Freud's ideas of psychoanalysis have become an extensively used tool in literary criticism. It's ideas can be applied to a variety of critical schools of theory - and its purpose is not limited to the arena of psycholanalytical theory itself. In recent years - the ideas of "penis envy" and the "Oedipal/Elecktra complexes" have become deeply instigated into both Feminist Theory and Gender/Queer Theory.

Freud's ideas of psychoanalytical theory can be applied to a literary text in three distinct variations - both having their own advantages and disadvantages.

1. Freud's ideas can be applied to the text's author. This level of analysis requires an extensive knowledge of Freud's book entitled The Interpretation of Dreams(trans. by James Strachey in 1985). This theory expounds on the idea that an author writes his dreams and that by analyzing the text in relation to the author himself (or herself as the case may be) - a theorisist can better understand the subconscious and conscious mind of the text's author. This mode of text interpretation can run into many problems - as the margin of error is very great.

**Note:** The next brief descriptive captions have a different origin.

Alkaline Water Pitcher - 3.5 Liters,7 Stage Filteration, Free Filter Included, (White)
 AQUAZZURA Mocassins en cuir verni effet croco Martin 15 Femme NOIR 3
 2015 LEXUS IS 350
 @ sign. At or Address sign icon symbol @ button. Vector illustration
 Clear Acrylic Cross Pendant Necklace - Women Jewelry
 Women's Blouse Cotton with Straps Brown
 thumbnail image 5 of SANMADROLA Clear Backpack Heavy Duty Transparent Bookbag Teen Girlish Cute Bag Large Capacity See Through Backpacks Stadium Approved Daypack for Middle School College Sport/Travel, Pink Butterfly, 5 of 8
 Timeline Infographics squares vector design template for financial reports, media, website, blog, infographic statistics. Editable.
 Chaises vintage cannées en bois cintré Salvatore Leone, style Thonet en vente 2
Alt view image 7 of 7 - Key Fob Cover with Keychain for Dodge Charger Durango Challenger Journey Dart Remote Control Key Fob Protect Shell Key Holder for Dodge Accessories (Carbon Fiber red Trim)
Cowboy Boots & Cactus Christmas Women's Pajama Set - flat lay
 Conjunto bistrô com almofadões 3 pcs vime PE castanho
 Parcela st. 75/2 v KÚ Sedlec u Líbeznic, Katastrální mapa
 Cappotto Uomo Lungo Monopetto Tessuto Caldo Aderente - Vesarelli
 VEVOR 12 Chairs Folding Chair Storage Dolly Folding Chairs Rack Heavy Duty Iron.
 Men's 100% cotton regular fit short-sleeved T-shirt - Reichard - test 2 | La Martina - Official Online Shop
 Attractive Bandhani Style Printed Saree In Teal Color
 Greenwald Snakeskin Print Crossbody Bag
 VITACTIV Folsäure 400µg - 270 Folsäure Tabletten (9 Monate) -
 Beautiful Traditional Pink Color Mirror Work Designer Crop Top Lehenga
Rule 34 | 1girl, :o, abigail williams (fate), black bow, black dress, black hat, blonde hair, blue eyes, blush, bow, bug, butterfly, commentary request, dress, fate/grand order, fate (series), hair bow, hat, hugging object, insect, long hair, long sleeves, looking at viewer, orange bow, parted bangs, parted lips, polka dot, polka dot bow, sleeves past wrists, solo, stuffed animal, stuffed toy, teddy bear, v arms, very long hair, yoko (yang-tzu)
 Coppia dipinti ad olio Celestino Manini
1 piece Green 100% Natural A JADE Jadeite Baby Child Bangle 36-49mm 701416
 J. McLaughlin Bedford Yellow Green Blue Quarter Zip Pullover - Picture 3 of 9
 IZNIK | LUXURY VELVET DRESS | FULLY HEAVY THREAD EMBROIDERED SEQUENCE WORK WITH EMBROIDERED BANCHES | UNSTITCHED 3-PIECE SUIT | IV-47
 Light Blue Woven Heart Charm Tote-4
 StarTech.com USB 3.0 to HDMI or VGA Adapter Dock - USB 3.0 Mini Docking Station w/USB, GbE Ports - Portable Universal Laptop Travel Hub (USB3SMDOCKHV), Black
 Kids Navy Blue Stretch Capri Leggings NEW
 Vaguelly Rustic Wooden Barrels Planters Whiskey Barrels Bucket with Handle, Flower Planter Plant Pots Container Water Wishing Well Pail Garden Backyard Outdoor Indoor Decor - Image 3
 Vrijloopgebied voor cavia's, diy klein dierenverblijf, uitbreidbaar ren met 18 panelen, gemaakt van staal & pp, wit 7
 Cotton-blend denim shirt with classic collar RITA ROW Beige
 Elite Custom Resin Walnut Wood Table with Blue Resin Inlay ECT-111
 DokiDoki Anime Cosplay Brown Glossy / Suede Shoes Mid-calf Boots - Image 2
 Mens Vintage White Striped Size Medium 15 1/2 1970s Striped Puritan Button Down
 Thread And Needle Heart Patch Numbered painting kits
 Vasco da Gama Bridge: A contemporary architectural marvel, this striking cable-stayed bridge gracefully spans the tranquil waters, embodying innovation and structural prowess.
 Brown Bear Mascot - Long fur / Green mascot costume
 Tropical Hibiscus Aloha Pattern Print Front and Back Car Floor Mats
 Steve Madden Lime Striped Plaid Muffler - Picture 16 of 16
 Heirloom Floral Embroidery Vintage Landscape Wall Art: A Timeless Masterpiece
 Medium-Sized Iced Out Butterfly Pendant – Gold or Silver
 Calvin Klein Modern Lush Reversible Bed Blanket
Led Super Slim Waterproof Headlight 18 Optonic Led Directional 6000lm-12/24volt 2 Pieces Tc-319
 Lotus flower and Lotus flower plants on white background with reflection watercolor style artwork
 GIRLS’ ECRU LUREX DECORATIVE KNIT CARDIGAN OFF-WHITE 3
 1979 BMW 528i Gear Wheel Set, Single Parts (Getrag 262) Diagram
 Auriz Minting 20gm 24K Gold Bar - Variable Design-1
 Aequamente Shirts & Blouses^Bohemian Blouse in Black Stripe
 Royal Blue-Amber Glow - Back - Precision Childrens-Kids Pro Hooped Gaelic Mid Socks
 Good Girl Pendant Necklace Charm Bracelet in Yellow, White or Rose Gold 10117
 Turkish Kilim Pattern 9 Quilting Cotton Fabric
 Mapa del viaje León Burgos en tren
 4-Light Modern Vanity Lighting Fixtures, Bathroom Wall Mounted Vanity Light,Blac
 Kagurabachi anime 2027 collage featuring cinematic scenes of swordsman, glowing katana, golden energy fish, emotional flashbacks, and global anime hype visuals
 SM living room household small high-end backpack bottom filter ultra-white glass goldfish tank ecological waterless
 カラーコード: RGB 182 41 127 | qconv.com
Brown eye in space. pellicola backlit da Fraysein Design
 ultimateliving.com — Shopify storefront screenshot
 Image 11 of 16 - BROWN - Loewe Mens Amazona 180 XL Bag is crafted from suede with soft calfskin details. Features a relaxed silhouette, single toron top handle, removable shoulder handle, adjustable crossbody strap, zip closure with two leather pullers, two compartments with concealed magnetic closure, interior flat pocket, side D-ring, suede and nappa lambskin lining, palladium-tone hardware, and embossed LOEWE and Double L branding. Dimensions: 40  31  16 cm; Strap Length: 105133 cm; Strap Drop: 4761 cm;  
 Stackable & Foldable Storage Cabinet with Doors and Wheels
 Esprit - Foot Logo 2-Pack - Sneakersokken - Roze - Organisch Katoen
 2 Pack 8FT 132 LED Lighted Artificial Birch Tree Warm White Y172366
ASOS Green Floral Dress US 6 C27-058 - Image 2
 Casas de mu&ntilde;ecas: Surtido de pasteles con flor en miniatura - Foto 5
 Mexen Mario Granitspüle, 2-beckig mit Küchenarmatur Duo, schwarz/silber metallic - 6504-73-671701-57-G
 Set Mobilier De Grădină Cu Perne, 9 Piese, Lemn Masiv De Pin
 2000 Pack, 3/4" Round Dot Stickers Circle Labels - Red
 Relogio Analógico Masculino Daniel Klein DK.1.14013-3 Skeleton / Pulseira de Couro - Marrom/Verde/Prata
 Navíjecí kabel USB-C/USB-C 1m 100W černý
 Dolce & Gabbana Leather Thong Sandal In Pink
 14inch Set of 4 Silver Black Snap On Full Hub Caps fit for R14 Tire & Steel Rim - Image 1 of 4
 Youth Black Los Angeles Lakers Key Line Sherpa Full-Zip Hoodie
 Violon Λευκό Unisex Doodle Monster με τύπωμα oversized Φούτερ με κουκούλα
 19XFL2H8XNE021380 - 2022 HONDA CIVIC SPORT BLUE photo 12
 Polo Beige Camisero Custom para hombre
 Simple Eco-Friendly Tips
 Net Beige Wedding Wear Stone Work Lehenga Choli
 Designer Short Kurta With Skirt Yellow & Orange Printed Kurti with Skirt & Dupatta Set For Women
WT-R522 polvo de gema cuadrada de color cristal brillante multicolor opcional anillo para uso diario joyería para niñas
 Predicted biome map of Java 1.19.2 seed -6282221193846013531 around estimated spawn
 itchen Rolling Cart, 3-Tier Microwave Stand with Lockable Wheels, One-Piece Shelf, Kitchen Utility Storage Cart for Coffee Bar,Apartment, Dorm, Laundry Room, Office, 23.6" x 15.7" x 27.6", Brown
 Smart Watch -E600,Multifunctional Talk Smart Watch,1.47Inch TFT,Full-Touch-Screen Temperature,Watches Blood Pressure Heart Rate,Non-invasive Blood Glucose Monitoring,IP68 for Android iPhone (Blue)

2. Another mode of Freudian literary interpretation can be to analyze a text's characters. This method (in its most basic form) is accomplished by analyzing a character - or charactors - using Freud's basic ideas of psychoanalysis. Since the charactors in any given text are purely from an imaginary realm - the basis of citical interpretation can vary widly from one theorisist to another.

3. The third mode of critical analysis can often find itself incorperated within the arena of Reader-Response Criticism. Instead of analyzing the subconsciouness of an author or a text's charactors, the theorisist instead interprets the minds of the reader as they experiance the text. Also popular in the area of Feminist Criticism - this mode of Freudian criticism has the least amount of error attached to its effectiveness - and it can succeed in discoving many new and unseen elements of a literary work.